- **DATASET SECTION**:
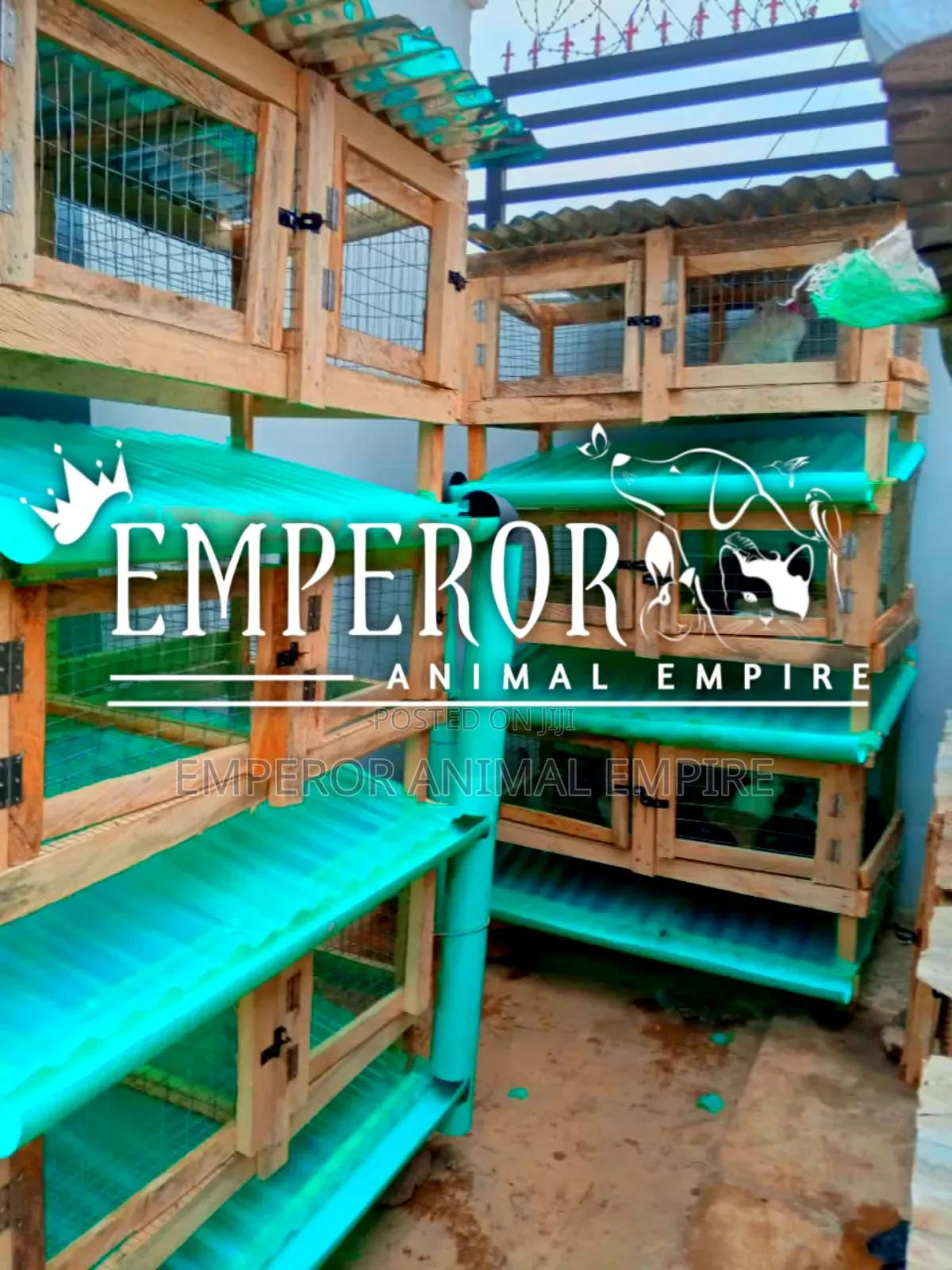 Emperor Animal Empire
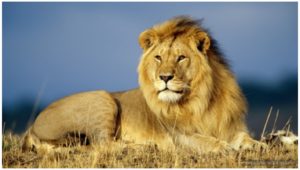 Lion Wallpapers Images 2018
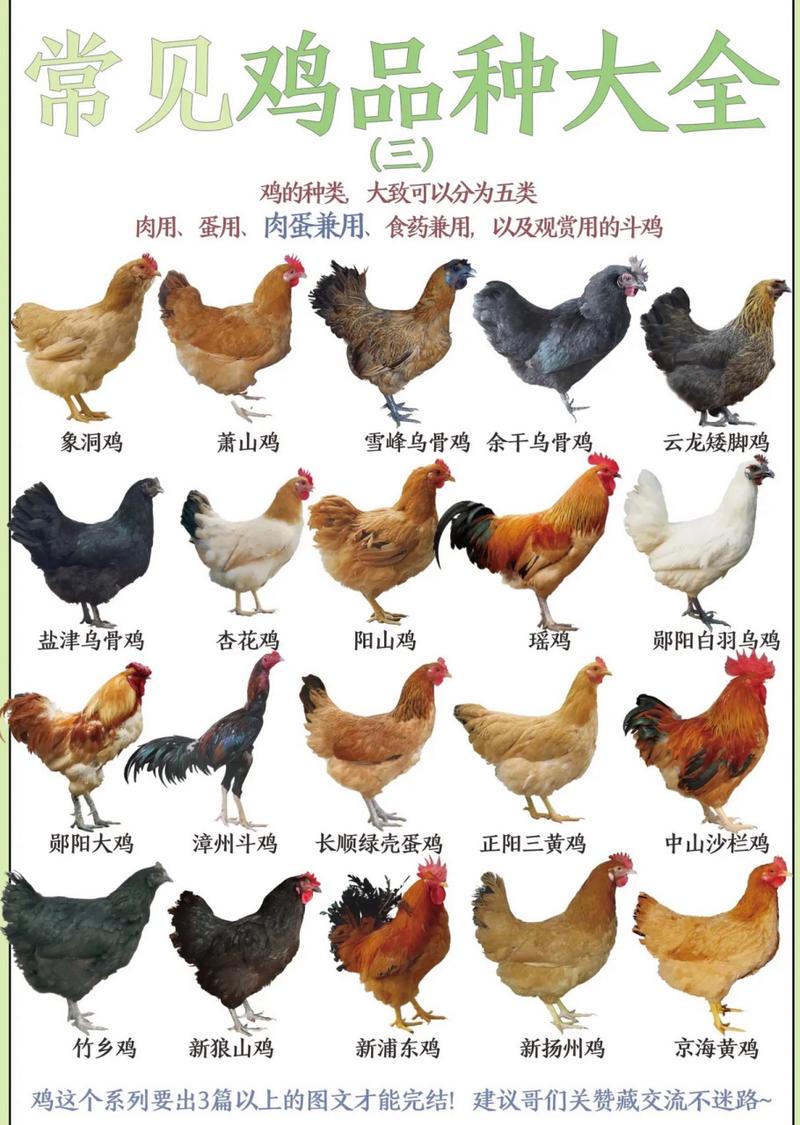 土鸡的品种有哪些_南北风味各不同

- **WHAT IS NEEDED**:
Type out the data above again exactly as written, minus the images.

- **SOLUTION FOR THIS TASK**:
 Emperor Animal Empire
 Lion Wallpapers Images 2018
 土鸡的品种有哪些_南北风味各不同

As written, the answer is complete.